Baby frogs require special care, especially in feeding, to survive and live to adulthood. As amphibians, they also require a habitat relative to their natural habitat to thrive.
Things You'll Need
- A glass aquarium
- A piece of plexiglass cut and sanded
Nontoxic aquarium sealant
- Substrate like potting soil or sand
Plants, logs or other hides
- A water dish for dry-environment species
- Crickets, worms and other insects
Reptile diet powder for insects
Building the Habitat
Step 1: Choose an Aquarium
Many toads and some frogs live in dry, arid environments and do not do well in aquatic conditions. Others require much more water. Consult a herpetologist -- a reptile scientist -- if you aren't sure about your frog. Match the frog's enclosure as closely as possible to its natural habitat and consider the adult size of your frog before deciding. Most species do well in 20-gallon aquarium tanks. Make sure to choose a secure-fitting lid as well. Baby frogs are adept escape artists.
Step 2: Add Substrate
Many semiaquatic species, like the firebellied toad, are happiest in an enclosure that is half dry land and half water. Cut a piece of plexiglass to the width of the tank and to a height equal to the length of a full-grown frog of whichever species you will own, plus one inch. Sand the top edge until it's rough but not sharp -- your frogs will climb over this from water onto dry land. Secure this plexiglass in the middle bottom of the tank with aquarium sealant. You should now have two equal sides with a piece of plexiglass between them. Layer both sides with just enough aquarium gravel to cover the glass, then build one side of the tank up with another type of substrate like sand or potting soil right to the level of the plexiglass.
Step 3: Add Water
Use distilled water to fill the other side of the enclosure. If your frog is from a warm or tropical environment, a water heater may be necessary. Getting the temperature right is especially important for baby frogs. Use a low-power aquarium filter to keep the water clean. If you're providing a dry environment for arid-habitat species, provide a water dish at least large enough the frog to submerge itself.

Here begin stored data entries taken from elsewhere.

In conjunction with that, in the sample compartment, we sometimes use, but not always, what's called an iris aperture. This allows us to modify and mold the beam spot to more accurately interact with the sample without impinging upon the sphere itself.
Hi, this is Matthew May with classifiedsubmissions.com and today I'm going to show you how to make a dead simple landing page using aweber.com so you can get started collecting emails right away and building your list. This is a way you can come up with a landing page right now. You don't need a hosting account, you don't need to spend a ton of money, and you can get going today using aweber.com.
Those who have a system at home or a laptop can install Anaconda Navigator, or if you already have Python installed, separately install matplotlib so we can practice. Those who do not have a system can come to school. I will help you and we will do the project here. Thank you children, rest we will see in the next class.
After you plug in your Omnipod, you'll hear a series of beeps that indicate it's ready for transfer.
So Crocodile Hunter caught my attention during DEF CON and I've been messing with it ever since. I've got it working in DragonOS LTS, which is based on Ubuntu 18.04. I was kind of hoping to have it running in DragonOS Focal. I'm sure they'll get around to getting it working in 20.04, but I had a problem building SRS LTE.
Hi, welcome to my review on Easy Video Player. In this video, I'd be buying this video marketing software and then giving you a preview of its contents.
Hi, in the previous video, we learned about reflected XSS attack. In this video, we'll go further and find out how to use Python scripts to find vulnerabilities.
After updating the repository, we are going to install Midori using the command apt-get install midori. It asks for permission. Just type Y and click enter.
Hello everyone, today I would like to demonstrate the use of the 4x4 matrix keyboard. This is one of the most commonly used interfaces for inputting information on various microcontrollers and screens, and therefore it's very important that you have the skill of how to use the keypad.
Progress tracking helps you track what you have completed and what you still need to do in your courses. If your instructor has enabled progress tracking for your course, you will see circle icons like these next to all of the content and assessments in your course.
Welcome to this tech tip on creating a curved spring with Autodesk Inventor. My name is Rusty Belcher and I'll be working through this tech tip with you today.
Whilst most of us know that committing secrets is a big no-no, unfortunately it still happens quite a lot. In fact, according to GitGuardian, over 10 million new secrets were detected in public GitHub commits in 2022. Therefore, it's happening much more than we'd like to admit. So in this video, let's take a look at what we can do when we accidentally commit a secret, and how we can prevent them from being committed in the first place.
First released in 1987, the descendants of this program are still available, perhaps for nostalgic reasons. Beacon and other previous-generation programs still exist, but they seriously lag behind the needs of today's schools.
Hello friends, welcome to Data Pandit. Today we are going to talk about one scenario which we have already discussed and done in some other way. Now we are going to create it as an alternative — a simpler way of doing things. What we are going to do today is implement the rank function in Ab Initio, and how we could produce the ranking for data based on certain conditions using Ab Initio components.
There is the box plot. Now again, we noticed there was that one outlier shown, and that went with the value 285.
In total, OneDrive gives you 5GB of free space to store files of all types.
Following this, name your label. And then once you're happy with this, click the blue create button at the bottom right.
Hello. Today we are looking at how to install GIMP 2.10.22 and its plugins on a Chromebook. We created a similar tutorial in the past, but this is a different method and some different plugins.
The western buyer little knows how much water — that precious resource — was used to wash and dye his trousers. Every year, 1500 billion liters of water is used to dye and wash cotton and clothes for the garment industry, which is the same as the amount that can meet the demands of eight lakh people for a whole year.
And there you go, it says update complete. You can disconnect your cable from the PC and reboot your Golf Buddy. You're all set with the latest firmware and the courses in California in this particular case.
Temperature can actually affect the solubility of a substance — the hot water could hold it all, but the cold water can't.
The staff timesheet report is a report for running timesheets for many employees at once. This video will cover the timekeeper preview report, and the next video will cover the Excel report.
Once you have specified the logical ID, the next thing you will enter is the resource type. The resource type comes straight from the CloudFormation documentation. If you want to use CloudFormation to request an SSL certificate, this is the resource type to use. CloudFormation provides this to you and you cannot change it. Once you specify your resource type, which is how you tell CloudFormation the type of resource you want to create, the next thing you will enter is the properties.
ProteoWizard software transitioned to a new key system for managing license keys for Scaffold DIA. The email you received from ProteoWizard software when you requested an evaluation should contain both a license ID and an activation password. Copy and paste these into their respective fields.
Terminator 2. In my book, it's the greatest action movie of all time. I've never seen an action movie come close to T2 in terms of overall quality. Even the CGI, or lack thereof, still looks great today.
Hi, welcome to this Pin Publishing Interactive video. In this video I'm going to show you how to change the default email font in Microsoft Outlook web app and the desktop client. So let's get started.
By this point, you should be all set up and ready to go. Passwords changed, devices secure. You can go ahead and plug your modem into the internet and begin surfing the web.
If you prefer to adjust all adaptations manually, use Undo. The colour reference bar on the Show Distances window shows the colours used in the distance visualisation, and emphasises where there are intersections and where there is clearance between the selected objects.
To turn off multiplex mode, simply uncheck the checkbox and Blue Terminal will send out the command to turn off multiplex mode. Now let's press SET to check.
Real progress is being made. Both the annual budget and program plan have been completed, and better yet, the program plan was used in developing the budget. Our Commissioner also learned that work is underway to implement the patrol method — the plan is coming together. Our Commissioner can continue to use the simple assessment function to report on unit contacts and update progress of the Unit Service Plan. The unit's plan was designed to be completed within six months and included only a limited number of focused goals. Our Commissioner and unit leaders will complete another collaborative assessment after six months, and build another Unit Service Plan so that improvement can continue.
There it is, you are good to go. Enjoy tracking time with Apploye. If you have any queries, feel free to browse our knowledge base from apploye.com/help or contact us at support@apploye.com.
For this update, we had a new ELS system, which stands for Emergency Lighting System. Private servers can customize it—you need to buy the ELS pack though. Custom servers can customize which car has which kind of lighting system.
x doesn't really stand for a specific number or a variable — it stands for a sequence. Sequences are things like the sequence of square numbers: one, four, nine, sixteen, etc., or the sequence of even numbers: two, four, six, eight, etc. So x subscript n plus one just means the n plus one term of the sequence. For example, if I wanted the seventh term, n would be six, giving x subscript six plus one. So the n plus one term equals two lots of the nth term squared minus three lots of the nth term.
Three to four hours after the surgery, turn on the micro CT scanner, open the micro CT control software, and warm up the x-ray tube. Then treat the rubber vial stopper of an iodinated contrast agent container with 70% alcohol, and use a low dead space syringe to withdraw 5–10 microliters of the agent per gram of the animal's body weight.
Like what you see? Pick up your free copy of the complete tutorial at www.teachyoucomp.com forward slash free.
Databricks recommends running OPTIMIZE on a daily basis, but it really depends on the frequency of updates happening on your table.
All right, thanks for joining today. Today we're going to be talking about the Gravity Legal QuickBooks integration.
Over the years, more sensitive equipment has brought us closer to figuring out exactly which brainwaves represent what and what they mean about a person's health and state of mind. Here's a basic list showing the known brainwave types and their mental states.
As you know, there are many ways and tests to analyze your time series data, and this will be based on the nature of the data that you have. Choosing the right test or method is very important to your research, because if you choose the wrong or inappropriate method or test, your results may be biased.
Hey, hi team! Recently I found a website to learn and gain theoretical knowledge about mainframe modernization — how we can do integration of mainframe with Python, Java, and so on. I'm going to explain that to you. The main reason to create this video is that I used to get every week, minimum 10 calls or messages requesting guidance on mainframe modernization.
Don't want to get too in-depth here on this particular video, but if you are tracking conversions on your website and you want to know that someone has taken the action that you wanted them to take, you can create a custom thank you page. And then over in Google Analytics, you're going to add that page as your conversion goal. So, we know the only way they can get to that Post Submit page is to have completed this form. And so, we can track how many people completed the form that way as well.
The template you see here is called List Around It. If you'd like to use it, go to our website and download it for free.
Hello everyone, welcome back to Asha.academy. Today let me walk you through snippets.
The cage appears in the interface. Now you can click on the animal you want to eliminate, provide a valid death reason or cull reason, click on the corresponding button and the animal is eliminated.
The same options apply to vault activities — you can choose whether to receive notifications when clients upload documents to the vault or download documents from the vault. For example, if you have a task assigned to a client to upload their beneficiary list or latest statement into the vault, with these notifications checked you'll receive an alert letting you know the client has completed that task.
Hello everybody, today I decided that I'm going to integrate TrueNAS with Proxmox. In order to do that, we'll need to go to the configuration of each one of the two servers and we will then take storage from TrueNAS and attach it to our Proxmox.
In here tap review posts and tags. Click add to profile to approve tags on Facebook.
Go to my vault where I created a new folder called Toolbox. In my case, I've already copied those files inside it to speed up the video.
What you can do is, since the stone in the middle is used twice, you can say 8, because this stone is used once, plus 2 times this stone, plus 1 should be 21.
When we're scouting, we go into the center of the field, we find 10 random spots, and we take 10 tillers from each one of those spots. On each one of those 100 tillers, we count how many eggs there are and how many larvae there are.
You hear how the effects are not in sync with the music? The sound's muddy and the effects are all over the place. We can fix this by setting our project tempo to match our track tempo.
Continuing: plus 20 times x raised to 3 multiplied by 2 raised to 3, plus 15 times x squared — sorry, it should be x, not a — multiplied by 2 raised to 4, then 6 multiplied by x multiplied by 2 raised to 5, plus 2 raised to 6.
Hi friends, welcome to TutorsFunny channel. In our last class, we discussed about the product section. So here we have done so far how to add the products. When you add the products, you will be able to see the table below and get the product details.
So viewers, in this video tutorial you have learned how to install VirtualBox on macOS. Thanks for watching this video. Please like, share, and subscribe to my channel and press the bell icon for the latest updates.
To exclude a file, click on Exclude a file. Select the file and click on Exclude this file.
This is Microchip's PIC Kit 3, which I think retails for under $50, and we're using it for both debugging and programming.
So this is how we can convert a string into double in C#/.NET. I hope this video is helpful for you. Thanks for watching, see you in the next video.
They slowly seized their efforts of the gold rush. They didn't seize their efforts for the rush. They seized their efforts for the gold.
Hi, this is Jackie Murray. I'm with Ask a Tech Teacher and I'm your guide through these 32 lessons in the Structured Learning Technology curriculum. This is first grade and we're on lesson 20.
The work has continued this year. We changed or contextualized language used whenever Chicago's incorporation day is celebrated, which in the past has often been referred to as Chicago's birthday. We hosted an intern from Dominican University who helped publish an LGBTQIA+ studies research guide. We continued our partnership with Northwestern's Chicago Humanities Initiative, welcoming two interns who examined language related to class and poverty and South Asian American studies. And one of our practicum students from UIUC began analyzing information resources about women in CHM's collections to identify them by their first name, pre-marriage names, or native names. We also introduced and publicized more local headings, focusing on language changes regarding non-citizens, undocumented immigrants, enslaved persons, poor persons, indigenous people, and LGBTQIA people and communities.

Step 4: Add Plants and Hides
Frogs require places to hide. Using a hollowed-out half-log on the dry side of their tank lets them get under cover when they are tired or feeling threatened. Adding real or artificial plants to the enclosure also helps to mimic frogs' natural environment. These plants and hides also retain moisture, which will help keep humidity high for species that require it. Use a stick or long piece of bark in the water, leaning onto the plexiglass, to provide your frog with another way from water to land.
Frogs receive all their necessary vitamin D3 from their diet and as such do not require full-spectrum reptile lighting. Normal lights will work fine for them.
Caring Specifically for Baby Frogs
Once froglets have absorbed their tadpole tails and become frogs, their care is very similar to that of adult frogs. The only difference is in feeding. Growing frogs require more regular feeding than adults. Feed your frogs daily, usually at dawn or in the evening, depending on the species' natural schedule.
As carnivores, frogs must be fed insects. Crickets are ideal for baby frogs, as pet stores carry them in a variety of sizes. Use insects that are not longer than your frog's mouth is wide. This will prevent choking and ensure that the insects don't harm your frog. Remove uneaten food at dawn if fed in the evening, and in the evening if fed at dawn. As your frogs grow, they can start to take larger insects, like earthworms.
Sprinkle crickets with reptile diet powder two or three times per week to ensure that your frog gets the vitamins and minerals he needs.
Do not touch or hold your baby frog if not absolutely necessary. Not only are baby frogs' skeletal structures fragile, but many frogs absorb chemicals through their skin and may pick up anything you may have on your hands. Baby frogs are especially sensitive to outside chemicals. Observe your baby frog's behavior from outside of his enclosure instead.
Do not house baby frogs with larger frogs. A small-enough baby can become a meal for your larger critters.